▶ [Data to process]
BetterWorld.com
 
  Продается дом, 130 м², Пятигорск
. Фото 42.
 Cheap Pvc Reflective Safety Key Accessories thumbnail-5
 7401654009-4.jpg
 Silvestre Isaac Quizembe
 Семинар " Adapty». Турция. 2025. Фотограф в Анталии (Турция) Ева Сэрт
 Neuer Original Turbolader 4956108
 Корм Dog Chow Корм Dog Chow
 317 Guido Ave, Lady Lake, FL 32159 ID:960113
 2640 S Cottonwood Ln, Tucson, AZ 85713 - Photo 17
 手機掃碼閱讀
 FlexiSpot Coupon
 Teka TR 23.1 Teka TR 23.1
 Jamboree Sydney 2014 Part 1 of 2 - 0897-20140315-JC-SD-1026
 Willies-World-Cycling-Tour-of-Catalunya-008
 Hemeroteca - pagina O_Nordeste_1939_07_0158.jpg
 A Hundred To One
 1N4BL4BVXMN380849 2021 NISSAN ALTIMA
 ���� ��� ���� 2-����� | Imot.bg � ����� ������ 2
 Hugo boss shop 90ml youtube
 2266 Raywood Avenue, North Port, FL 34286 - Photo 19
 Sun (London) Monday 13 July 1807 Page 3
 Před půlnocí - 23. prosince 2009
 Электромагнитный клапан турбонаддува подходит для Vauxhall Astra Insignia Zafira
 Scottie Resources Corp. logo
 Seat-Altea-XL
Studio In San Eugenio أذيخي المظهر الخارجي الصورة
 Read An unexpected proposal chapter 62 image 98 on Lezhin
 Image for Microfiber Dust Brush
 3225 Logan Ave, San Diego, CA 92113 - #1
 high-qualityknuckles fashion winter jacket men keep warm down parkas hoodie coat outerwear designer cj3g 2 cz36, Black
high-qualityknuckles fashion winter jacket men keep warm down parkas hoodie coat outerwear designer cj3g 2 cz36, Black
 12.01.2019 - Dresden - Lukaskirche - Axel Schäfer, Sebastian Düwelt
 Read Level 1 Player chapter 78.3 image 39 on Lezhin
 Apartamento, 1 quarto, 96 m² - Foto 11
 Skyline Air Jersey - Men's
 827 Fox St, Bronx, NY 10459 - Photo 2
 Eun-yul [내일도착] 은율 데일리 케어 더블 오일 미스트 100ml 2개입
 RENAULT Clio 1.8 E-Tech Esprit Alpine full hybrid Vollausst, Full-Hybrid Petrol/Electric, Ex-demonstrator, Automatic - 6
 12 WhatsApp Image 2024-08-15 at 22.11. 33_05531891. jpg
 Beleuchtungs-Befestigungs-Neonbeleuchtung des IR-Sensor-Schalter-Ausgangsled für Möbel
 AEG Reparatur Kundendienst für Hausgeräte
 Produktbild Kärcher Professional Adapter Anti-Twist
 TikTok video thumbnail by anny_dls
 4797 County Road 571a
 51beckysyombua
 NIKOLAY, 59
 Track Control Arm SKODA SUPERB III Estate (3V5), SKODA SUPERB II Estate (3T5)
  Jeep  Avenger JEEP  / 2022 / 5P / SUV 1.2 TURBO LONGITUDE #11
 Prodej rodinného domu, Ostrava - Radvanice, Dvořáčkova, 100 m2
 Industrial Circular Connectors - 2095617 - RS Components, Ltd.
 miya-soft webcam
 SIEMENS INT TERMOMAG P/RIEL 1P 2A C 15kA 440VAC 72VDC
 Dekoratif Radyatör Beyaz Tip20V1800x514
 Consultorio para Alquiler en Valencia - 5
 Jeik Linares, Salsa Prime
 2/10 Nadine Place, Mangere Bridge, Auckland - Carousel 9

▶ [How to complete this task] Please return all lines above in which the string "high" is found.

▶ [Answer box]
 high-qualityknuckles fashion winter jacket men keep warm down parkas hoodie coat outerwear designer cj3g 2 cz36, Black
high-qualityknuckles fashion winter jacket men keep warm down parkas hoodie coat outerwear designer cj3g 2 cz36, Black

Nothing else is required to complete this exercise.